• Work order: Your task is to write out exactly the lines of the listing below, from the first down to the line that holds "Semi-Detached House for".
----
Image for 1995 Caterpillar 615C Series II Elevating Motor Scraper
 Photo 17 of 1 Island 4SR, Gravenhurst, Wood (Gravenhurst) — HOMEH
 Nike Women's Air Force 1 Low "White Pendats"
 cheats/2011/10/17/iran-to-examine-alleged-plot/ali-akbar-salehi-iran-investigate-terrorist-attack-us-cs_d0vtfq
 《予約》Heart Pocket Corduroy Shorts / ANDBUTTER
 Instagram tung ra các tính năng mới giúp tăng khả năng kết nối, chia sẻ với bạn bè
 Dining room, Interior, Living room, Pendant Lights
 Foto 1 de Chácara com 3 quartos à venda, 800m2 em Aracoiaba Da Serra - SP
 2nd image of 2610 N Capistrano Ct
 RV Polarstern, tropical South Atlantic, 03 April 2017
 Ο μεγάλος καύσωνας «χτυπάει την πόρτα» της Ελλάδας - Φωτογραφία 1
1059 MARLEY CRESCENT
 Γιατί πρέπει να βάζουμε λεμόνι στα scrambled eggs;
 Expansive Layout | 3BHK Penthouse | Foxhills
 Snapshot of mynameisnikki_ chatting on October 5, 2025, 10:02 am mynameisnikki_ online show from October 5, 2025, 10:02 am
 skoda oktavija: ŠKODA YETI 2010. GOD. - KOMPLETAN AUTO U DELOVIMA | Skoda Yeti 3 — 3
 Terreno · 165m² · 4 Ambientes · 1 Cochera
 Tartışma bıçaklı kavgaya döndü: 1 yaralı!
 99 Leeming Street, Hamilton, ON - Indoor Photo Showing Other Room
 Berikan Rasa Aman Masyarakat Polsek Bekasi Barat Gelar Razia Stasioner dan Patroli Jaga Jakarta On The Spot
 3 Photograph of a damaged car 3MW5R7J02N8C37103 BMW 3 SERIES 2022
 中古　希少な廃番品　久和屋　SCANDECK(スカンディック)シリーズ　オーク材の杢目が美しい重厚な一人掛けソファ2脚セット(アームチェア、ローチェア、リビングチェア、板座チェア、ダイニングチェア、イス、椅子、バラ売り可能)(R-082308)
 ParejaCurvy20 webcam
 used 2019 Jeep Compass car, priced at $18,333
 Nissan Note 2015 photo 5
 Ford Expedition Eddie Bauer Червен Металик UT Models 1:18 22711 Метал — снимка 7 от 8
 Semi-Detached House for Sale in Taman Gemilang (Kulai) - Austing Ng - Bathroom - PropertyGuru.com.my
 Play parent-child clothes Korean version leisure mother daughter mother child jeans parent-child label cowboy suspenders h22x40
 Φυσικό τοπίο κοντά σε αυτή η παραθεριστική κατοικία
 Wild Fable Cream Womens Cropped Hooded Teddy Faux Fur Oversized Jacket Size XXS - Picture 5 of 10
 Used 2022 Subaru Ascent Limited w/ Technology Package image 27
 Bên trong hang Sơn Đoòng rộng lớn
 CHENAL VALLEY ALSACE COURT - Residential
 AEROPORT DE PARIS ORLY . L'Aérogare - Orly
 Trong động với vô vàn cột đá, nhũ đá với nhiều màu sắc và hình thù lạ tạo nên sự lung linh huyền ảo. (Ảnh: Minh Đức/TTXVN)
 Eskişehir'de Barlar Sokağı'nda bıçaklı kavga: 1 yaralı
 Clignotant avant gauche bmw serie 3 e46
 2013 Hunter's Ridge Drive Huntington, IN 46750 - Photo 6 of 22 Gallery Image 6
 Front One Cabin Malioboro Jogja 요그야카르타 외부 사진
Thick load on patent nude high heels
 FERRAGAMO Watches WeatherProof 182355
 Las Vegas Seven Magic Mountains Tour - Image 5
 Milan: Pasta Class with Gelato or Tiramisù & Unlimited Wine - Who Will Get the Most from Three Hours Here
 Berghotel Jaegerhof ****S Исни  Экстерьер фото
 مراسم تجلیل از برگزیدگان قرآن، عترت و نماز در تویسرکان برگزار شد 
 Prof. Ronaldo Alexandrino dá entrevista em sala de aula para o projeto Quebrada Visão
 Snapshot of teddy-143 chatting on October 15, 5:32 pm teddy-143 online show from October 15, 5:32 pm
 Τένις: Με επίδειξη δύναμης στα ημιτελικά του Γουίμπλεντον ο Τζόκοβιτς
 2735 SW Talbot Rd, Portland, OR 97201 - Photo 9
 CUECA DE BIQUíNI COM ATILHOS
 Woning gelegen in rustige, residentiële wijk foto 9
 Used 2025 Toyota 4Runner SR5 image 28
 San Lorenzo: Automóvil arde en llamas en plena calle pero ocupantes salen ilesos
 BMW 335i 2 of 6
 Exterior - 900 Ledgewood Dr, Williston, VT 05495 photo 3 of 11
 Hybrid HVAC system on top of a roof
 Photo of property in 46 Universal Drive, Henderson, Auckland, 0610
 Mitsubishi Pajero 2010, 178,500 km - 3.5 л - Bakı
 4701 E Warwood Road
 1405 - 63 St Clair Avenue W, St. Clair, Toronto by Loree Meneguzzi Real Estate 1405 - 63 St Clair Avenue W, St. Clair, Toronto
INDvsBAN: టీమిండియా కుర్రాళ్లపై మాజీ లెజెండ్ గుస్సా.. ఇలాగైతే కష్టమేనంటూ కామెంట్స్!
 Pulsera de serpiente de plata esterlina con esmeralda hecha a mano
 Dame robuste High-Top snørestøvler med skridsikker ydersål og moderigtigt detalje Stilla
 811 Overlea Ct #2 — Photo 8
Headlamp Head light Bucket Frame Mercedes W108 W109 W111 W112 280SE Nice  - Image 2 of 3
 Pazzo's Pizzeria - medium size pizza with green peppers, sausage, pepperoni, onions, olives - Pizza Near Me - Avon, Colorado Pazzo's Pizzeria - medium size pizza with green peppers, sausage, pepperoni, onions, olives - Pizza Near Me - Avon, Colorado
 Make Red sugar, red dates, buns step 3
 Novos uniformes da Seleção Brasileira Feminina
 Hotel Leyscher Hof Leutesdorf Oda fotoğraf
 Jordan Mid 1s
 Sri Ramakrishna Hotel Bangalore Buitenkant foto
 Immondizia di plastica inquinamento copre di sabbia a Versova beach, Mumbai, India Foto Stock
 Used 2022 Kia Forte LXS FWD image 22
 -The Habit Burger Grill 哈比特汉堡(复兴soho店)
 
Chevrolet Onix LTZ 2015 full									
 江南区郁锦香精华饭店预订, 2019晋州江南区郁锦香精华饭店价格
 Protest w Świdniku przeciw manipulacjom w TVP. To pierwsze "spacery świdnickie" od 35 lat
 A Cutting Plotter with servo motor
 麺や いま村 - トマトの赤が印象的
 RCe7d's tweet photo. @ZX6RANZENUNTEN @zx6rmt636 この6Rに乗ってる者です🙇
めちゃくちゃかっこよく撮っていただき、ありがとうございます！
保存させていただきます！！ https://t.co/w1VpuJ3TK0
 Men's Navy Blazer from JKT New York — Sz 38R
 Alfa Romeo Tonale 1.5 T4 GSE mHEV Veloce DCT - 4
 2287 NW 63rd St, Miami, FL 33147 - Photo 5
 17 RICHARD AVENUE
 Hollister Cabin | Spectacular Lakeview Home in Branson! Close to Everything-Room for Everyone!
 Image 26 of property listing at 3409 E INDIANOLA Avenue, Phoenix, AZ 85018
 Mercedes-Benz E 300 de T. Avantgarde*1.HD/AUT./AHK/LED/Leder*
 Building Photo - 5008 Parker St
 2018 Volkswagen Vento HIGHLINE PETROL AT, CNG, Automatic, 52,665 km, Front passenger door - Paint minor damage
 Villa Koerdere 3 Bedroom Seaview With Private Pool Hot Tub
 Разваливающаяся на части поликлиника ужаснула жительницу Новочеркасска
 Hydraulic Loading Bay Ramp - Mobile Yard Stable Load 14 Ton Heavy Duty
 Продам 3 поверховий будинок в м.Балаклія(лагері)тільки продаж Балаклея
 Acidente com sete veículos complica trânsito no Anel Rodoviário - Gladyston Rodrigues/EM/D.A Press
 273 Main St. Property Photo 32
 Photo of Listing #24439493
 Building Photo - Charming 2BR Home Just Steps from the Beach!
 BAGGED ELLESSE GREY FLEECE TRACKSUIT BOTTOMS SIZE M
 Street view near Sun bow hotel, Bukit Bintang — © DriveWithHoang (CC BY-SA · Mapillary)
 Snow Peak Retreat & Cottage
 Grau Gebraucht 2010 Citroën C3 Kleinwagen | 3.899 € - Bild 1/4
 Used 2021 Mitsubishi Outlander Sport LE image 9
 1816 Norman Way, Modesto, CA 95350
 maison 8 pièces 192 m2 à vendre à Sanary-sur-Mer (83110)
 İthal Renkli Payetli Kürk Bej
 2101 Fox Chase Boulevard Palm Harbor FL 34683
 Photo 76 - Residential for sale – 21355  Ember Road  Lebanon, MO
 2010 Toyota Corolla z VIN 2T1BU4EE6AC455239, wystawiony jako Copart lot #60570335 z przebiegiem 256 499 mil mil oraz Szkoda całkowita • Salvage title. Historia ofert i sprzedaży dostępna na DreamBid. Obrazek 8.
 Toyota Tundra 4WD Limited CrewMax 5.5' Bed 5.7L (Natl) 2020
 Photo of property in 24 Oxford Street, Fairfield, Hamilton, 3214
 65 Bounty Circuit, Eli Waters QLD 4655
----
• Answer below:
Image for 1995 Caterpillar 615C Series II Elevating Motor Scraper
 Photo 17 of 1 Island 4SR, Gravenhurst, Wood (Gravenhurst) — HOMEH
 Nike Women's Air Force 1 Low "White Pendats"
 cheats/2011/10/17/iran-to-examine-alleged-plot/ali-akbar-salehi-iran-investigate-terrorist-attack-us-cs_d0vtfq
 《予約》Heart Pocket Corduroy Shorts / ANDBUTTER
 Instagram tung ra các tính năng mới giúp tăng khả năng kết nối, chia sẻ với bạn bè
 Dining room, Interior, Living room, Pendant Lights
 Foto 1 de Chácara com 3 quartos à venda, 800m2 em Aracoiaba Da Serra - SP
 2nd image of 2610 N Capistrano Ct
 RV Polarstern, tropical South Atlantic, 03 April 2017
 Ο μεγάλος καύσωνας «χτυπάει την πόρτα» της Ελλάδας - Φωτογραφία 1
1059 MARLEY CRESCENT
 Γιατί πρέπει να βάζουμε λεμόνι στα scrambled eggs;
 Expansive Layout | 3BHK Penthouse | Foxhills
 Snapshot of mynameisnikki_ chatting on October 5, 2025, 10:02 am mynameisnikki_ online show from October 5, 2025, 10:02 am
 skoda oktavija: ŠKODA YETI 2010. GOD. - KOMPLETAN AUTO U DELOVIMA | Skoda Yeti 3 — 3
 Terreno · 165m² · 4 Ambientes · 1 Cochera
 Tartışma bıçaklı kavgaya döndü: 1 yaralı!
 99 Leeming Street, Hamilton, ON - Indoor Photo Showing Other Room
 Berikan Rasa Aman Masyarakat Polsek Bekasi Barat Gelar Razia Stasioner dan Patroli Jaga Jakarta On The Spot
 3 Photograph of a damaged car 3MW5R7J02N8C37103 BMW 3 SERIES 2022
 中古　希少な廃番品　久和屋　SCANDECK(スカンディック)シリーズ　オーク材の杢目が美しい重厚な一人掛けソファ2脚セット(アームチェア、ローチェア、リビングチェア、板座チェア、ダイニングチェア、イス、椅子、バラ売り可能)(R-082308)
 ParejaCurvy20 webcam
 used 2019 Jeep Compass car, priced at $18,333
 Nissan Note 2015 photo 5
 Ford Expedition Eddie Bauer Червен Металик UT Models 1:18 22711 Метал — снимка 7 от 8
 Semi-Detached House for Sale in Taman Gemilang (Kulai) - Austing Ng - Bathroom - PropertyGuru.com.my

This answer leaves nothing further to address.